(Saved entries)
* * * * * * *
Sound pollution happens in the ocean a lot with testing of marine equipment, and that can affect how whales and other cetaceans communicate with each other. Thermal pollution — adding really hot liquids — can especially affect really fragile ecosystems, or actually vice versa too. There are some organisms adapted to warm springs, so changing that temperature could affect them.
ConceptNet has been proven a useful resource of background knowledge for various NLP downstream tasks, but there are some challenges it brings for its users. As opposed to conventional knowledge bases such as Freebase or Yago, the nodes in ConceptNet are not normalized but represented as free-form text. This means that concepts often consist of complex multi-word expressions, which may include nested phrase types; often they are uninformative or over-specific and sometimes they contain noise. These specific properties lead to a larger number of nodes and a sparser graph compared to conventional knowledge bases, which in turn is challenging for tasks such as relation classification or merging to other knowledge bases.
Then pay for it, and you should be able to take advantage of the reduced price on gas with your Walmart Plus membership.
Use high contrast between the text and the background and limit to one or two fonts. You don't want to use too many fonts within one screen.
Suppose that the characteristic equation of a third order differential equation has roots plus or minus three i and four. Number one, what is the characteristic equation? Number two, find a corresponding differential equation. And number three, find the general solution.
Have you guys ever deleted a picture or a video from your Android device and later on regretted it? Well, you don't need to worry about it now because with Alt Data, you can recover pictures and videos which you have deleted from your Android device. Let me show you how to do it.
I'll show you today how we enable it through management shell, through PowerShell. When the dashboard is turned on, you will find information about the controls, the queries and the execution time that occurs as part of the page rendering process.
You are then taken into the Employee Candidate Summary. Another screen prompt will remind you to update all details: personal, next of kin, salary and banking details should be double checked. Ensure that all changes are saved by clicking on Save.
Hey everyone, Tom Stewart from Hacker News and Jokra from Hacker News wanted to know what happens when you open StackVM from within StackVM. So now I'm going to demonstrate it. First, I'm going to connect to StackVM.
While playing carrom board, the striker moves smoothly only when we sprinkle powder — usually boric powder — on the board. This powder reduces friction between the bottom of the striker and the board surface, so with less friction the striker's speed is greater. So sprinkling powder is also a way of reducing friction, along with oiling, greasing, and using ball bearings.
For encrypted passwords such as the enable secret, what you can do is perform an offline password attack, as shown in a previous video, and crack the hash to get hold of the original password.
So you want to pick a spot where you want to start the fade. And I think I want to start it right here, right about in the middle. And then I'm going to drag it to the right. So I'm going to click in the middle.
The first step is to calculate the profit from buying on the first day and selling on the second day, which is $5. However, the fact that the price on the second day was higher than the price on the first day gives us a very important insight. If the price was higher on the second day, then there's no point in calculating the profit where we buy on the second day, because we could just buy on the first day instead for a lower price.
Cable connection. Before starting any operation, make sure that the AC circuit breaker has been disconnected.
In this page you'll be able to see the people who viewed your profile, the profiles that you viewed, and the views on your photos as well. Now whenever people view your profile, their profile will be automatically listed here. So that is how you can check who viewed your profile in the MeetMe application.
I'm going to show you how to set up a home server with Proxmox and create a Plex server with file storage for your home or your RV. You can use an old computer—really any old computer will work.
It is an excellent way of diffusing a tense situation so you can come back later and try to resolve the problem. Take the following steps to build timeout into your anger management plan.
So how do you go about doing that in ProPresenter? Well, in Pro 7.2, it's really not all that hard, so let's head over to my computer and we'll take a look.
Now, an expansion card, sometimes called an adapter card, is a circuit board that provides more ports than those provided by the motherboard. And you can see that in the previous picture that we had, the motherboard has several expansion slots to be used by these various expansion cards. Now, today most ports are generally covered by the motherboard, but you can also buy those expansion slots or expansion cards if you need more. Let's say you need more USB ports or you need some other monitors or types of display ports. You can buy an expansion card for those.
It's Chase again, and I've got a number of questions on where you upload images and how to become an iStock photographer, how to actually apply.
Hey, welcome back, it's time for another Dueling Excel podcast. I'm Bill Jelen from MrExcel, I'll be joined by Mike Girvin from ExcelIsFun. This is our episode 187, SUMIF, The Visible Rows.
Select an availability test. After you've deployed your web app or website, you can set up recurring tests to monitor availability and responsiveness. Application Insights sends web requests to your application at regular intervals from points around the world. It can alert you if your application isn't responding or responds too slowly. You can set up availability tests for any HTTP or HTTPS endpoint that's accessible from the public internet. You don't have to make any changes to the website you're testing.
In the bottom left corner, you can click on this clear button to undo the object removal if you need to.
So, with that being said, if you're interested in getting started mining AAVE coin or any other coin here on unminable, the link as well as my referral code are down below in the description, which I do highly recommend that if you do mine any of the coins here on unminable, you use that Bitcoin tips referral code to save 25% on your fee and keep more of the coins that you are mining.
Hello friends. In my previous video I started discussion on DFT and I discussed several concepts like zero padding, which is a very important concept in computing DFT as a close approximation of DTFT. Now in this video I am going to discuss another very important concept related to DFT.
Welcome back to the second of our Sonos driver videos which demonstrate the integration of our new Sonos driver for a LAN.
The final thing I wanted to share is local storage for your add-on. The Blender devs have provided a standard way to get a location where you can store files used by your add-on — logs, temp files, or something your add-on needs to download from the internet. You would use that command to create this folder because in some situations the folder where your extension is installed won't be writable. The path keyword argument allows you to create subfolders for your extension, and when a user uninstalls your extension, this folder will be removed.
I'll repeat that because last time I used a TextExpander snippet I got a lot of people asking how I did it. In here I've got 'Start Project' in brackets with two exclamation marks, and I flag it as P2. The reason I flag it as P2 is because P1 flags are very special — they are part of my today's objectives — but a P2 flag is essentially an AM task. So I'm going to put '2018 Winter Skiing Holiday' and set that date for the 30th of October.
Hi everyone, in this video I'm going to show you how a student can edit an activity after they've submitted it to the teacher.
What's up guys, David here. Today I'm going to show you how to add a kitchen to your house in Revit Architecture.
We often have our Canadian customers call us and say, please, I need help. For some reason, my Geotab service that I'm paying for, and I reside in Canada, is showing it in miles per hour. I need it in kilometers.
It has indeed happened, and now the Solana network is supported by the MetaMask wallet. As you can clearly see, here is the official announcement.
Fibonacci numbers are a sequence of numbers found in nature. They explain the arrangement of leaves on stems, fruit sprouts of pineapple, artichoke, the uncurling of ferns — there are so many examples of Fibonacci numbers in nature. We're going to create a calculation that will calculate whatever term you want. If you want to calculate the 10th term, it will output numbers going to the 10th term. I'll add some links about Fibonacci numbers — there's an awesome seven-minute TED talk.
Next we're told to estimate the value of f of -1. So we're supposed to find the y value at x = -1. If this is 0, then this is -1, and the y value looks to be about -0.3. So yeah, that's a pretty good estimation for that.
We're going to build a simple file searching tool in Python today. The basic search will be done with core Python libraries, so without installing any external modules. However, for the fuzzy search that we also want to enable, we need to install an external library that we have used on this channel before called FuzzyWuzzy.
* * * * * * *
- **Required work**
Which of the lines above hold the string "computer"? Copy each one.

- **Response to this task**
I'm going to show you how to set up a home server with Proxmox and create a Plex server with file storage for your home or your RV. You can use an old computer—really any old computer will work.
So how do you go about doing that in ProPresenter? Well, in Pro 7.2, it's really not all that hard, so let's head over to my computer and we'll take a look.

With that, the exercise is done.